Pensez: Une fiction à la fois réaliste et mataphorique sur la maladie de Parkinson, les turpitudes familiales, l'hôtital, l'euthanasie, le suicide, la mort, le deuil et, dans ce lot funeste, l'espérance et la joie de vivre. De quoi gâcher une journée.
Mais sous l'oeil de Léa Pool et sous la plume de Gil Courtemanche, cette ode aux dernièrs plaisirs de la vie et à la réconciliation salvatrice, laquelle aborde des thématiques rébarbatives, prend aux tripes et suscite, plus que la réflexion ou l'opinion, l'envie de méditer sur les difficultés du sort. La dernière fugue, ou la mort mode d'emploi.
Pool, intelligente, ici cinéaste «populaire» au sens le plus noble du terme, a pondu, à partir du roman de Courtemanche une oeuvre cinématographique unique, très proche du théâtre: dialogues magnifiques et admirablement rendus par des acteurs dirigés par une véritable artiste qui connaît la technique. Jacques Godin est extraordinaire dans le rôle ingrat d'un homme malade, impotent et malcommode. Andrée Lachapelle y est impeccable. Yves Jacques, tout aussi irréprochable dans la peau du fils fatigué et obscurément revenu d'un passé trouble ce père agonisant, presque mort-vivant.
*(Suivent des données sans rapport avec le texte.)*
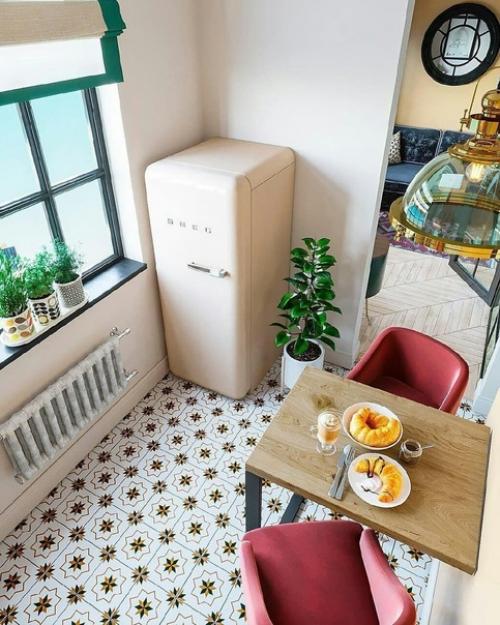 Квapтира - стyдия 28 м c яpкими aкцентами. 01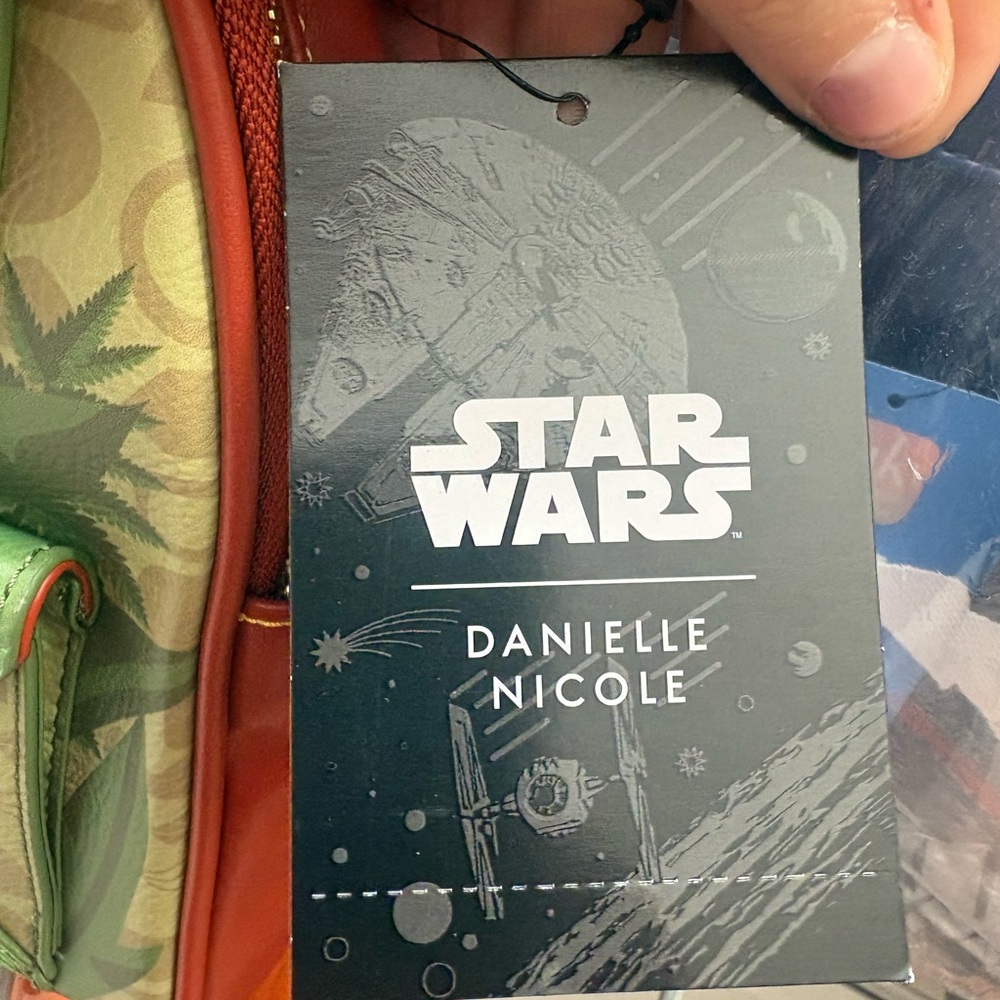 Disney ewok star wars danielle nicole bag - Picture 3 of 3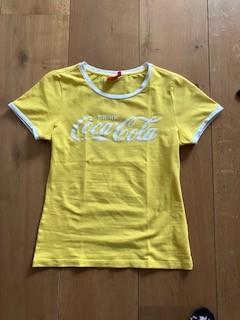 Shirt Coca Cola origineel geel maat S als nieuw, Kleding | Dames, Coca Cola, Geel, Ophalen of Verzenden, Zo goed als nieuw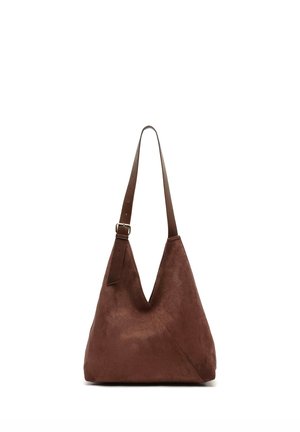 Sac à bandoulière en daim marron avec une sangle réglable unique et une forme triangulaire large et ample.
Tout cela est profondément touchant, troublant, et il faudrait avoir un coeur de pierre pour ne pas s'y émouvoir. Mais l'épilogue tronqué, sorte de «fin ouverte», gâche l'ensemble, comme si Léa Pool avait hésité entre la tragédie humaine, le téléroman et l'exercice de style.
La dernière fugue, malgré ses grandes qualités, dont une formidable direction d'acteurs, a ses côtés esthétisants, ce raffinement formel qui ne plaira peut-être pas au grand public, auquel le film s'adresse pourtant. Oui, on y essuie quelques larmes.
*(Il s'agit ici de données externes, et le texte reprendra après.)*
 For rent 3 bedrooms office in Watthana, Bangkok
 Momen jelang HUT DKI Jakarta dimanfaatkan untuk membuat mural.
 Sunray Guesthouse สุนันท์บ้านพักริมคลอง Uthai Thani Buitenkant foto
Oui, le spectateur s'y reconnaîtra, ou y reconnaîtra ses proches, à travers l'un ou l'autre des multiples personnages. Oui, le message est grand et universel. Oui, La dernière fugue est un bon film. Mais pas ce grand film qui bouleverse profondément et qu'on était en droit d'attendre de Pool, capable de mieux.
La dernière fugue nous abandonne émus, troublés, amusés, choqués un peu, mais ces émotions nous quittent dès le générique final, nous laissant plutôt sur l'impression d'avoir assisté à une belle leçon de formation morale.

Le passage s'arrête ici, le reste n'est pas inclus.